Ray Yeagley, superintendent of schools in Rochester, N.H., agreed. “Effective filters and anti-spyware applications on our district’s computers have helped to reduce the spyware problem, but have not eliminated it,” he said. “In addition to being extremely annoying, the popups waste time, which translates into taxpayer dollars.”
Members of Congress are taking the threat seriously. At least three bills have been introduced to address the problem, with more likely to follow.
“There is no more pernicious, intrusive activity going on in the internet today” than spyware, said Rep. Joe Barton, R-Texas, chairman of the House Energy and Commerce Committee.
At a hearing April 29 before the panel’s subcommittee on commerce, trade, and consumer protection, computer makers and user groups urged Congress to address deceptive behavior, rather than ban categories of software. Citing a new Utah law, the groups said broad legislation could end up prohibiting legitimate practices and stifle innovation.
Members of the Federal Trade Commission (FTC) also urged caution as officials learn more about the problem and the best way to combat it.
“I do not believe legislation is the answer at this time,” said commission member Mozelle Thompson. “Instead, we should give industry the time to respond. Self-regulation combined with enforcement of existing laws might be the best way to go.”
The go-slow approach infuriated Barton, who said he intends to push a spyware bill through his committee–and the full House–this year.
“You like this stuff? You’re the only person in this country that wants spyware on their computer,” he told Howard Beales, the FTC’s consumer protection chief.
Barton urged FTC officials to work with the committee to draft a new law “instead of trying to defend something that’s indefensible.”
Beales said the FTC considers spyware a problem, but wants to make sure that legislation targets deceptive behavior while allowing legitimate uses. Some proposed solutions, such as requiring permission every time a user downloads a new program, “would make the process of installing new software extremely tedious,” Beales said.
Rep. Jay Inslee, D-Wash., whose district includes Kirkland, called it “absolutely astounding” that the FTC does not see a need for a new law “when we have hundreds of thousands of violations every day.” Inslee introduced a bill April 29 that would outlaw spyware programs designed to record web browsing habits and collect personal data without notice and consent of the user.

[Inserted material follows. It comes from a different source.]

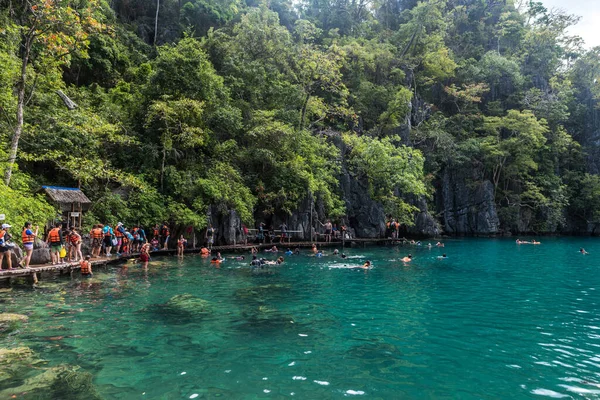 Coron Philippines Styczeń 2018 Jezioro Kayangan Wyspie Coron Ludzie Pływają — Zdjęcie stockowe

Rep. Mary Bono, R-Calif., has introduced a similar bill requiring that consumers receive a clear and conspicuous notice before downloading software. The bill would also require that third parties disclose their identity to the consumer, along with a valid eMail address.

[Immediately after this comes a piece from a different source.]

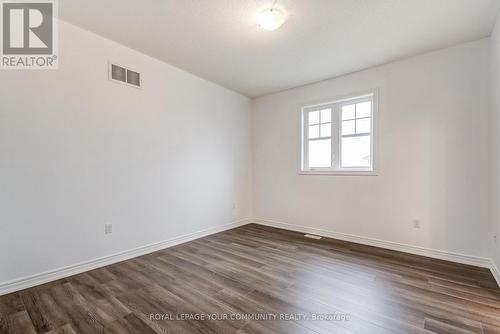 9175 White Oak Ave, Niagara Falls, ON - Indoor Photo Showing Other Room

Sens. Conrad Burns, R-Mont., Ron Wyden, D-Ore., and Barbara Boxer, D-Calif., have introduced a bill prohibiting installation of software on someone else’s computer without notice and consent. The bill also would require reasonable “uninstall” procedures for new software.
Educators polled by eSchool News were divided over whether such legislation would solve the problem.
Marc Liebman, superintendent of the Marysville Joint Unified School District in California, agreed that Congress should pass some kind of legislation regulating spyware.
“While I am not sure that it will be effective, it gives people another legal tool if the problem can be traced and the culprits identified,” Liebman said. “I think that this type of legislation will go through Congress quickly, because it is different than spam … Spyware invades personal privacy, and that will be an easy sell.”
But Blue Valley’s Moore questioned whether new laws would do any good.
“Spyware is insidious, but I am not sure that another federal law that cannot be enforced is the answer,” he said. “The real question is, what’s next? Even if we get a good anti-spyware solution in place, what is the next internet threat to our enterprise computing environment? It is a very frustrating and costly issue.”